シャロームの漁村に行くと、漁師のおじさんが小舟でバショウカジキを獲ってきたところでした。
この小舟でこの魚を獲るって、いったいどうやってるんでしょうか?

使っているのはなんとただの釣り針と釣り糸。釣り竿さえ使わないシンプルさです。
針の近くの部分は糸ではなく金属製で、食いちぎられないようになっています。
何で作ってるのかと思ってよく見たら、これ、ギターの弦ですよ!

餌に使っているのは小ぶりの魚たち。これを釣ってきたのはこの少年だそうです。
自分が釣ってきた魚で大物が釣れて、少年も鼻高々です。
本来なら中学校1年生くらいの歳で、「学校に行くベき」なのかもしれませんが、
こういう姿を見ると、「がんばって早く一人前の漁師になれよ!」って思っちゃうのは私だけでしょうか?
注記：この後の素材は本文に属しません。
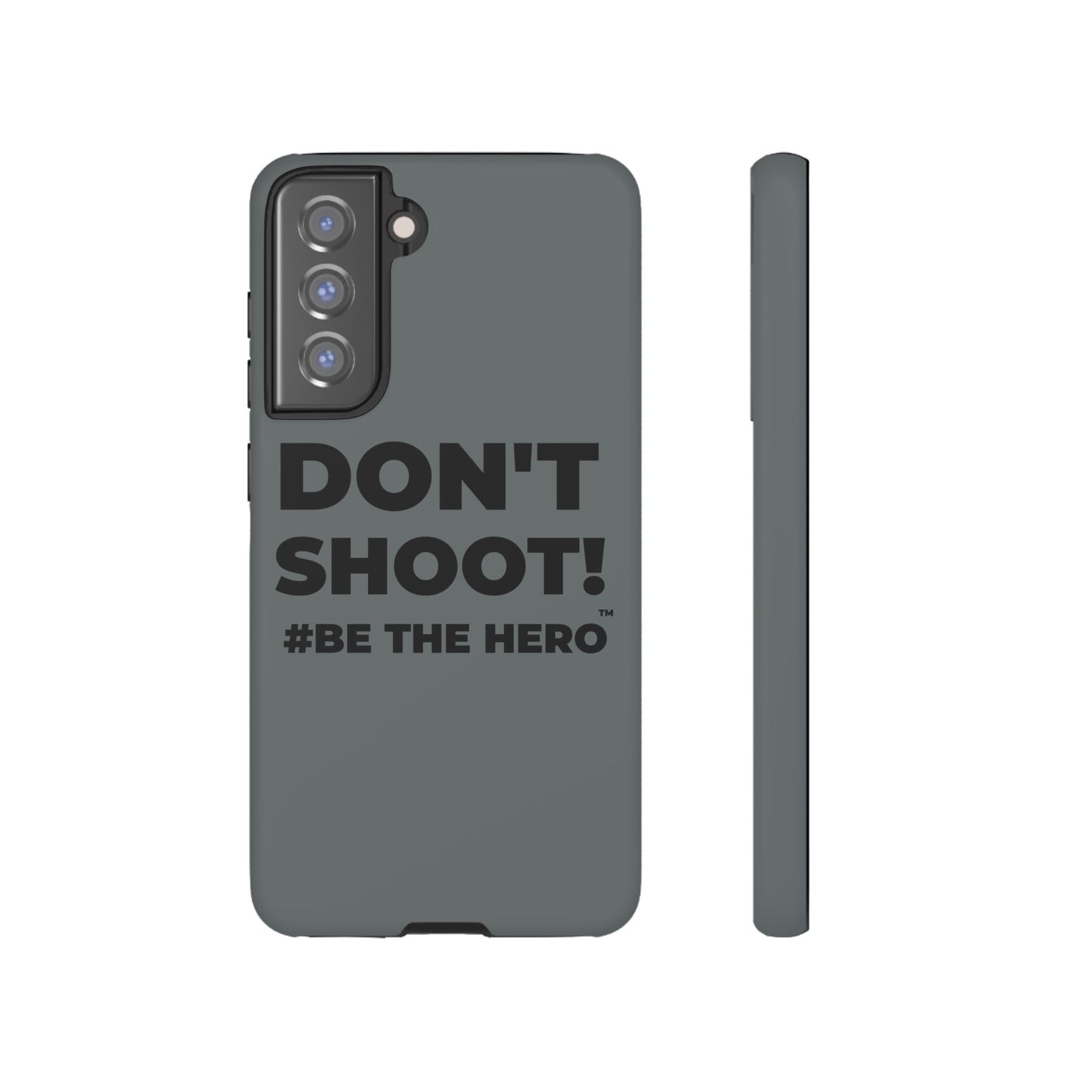 DON'T SHOOT! #BE THE HERO™ PHONE CASE WORLDWIDE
少年が小魚を釣るのに使った釣り針を作ったのは、前にもご紹介したこのおじいさん。
いつも自作のギターを弾いてご機嫌な彼ですが、手先の器用さは村でも評判で、
彼の作る仕掛け針だと、まさに「入れ食い」なんだそうで。
ちなみに彼のギターの弦は釣り糸です。(笑)

バショウカジキは非常に美味なので、1kgにつき200ペソの値で売れるそうで、
このサイズなら15kg以上はあるということなので、3000ペソの収入になります。
学年末で学校に払わなければならないお金も多い時期なので、これは本当に大きいです。

老人が作った仕掛けで少年が小魚を釣り、その小魚で大人がこんな大物を釣ってくる。
ここでは老人は一方的に「介護」される立場ではなく、こどもも一方的に「教育」される立場ではありません。
それぞれが協力し合うことで、生活が営まれているのです。
何か、「先進国」と呼ばれる国が無くしてしまったものがここにはある気がします。